Instructions for the task
Below are the records; restate word for word the lines from the first through the one containing "TrichoTest™ Genetic DNA Test for Hair Loss", and only those.

Extracted data entries
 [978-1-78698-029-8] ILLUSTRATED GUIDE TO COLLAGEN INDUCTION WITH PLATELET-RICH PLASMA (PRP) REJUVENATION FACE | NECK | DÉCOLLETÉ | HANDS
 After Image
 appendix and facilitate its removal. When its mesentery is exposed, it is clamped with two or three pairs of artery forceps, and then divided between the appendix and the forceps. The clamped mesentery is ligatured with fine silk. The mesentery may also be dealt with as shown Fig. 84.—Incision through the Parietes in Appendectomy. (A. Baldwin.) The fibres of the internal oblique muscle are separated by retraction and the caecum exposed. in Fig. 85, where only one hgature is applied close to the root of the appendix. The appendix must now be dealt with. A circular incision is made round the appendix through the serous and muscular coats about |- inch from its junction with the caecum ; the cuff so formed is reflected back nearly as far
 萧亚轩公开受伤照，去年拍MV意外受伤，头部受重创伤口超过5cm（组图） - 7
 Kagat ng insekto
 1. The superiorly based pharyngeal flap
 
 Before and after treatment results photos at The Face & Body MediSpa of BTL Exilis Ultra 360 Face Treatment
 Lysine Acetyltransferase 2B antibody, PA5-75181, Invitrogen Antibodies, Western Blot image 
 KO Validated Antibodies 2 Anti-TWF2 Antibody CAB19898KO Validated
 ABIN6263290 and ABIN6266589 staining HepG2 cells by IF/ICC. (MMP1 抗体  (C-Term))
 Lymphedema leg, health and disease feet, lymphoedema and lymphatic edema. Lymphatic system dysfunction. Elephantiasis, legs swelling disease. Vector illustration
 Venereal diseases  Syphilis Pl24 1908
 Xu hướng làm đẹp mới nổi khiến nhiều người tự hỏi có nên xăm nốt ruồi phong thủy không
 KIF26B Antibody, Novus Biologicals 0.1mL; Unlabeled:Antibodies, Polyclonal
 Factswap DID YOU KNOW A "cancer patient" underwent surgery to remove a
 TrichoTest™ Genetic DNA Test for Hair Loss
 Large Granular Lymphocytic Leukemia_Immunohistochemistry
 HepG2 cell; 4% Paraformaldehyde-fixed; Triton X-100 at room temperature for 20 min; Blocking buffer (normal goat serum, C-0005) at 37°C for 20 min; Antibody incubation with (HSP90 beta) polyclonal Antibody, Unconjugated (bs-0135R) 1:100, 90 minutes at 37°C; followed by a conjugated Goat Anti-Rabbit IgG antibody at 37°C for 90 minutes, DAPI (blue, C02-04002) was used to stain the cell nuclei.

Written answer
 [978-1-78698-029-8] ILLUSTRATED GUIDE TO COLLAGEN INDUCTION WITH PLATELET-RICH PLASMA (PRP) REJUVENATION FACE | NECK | DÉCOLLETÉ | HANDS
 After Image
 appendix and facilitate its removal. When its mesentery is exposed, it is clamped with two or three pairs of artery forceps, and then divided between the appendix and the forceps. The clamped mesentery is ligatured with fine silk. The mesentery may also be dealt with as shown Fig. 84.—Incision through the Parietes in Appendectomy. (A. Baldwin.) The fibres of the internal oblique muscle are separated by retraction and the caecum exposed. in Fig. 85, where only one hgature is applied close to the root of the appendix. The appendix must now be dealt with. A circular incision is made round the appendix through the serous and muscular coats about |- inch from its junction with the caecum ; the cuff so formed is reflected back nearly as far
 萧亚轩公开受伤照，去年拍MV意外受伤，头部受重创伤口超过5cm（组图） - 7
 Kagat ng insekto
 1. The superiorly based pharyngeal flap
 
 Before and after treatment results photos at The Face & Body MediSpa of BTL Exilis Ultra 360 Face Treatment
 Lysine Acetyltransferase 2B antibody, PA5-75181, Invitrogen Antibodies, Western Blot image 
 KO Validated Antibodies 2 Anti-TWF2 Antibody CAB19898KO Validated
 ABIN6263290 and ABIN6266589 staining HepG2 cells by IF/ICC. (MMP1 抗体  (C-Term))
 Lymphedema leg, health and disease feet, lymphoedema and lymphatic edema. Lymphatic system dysfunction. Elephantiasis, legs swelling disease. Vector illustration
 Venereal diseases  Syphilis Pl24 1908
 Xu hướng làm đẹp mới nổi khiến nhiều người tự hỏi có nên xăm nốt ruồi phong thủy không
 KIF26B Antibody, Novus Biologicals 0.1mL; Unlabeled:Antibodies, Polyclonal
 Factswap DID YOU KNOW A "cancer patient" underwent surgery to remove a
 TrichoTest™ Genetic DNA Test for Hair Loss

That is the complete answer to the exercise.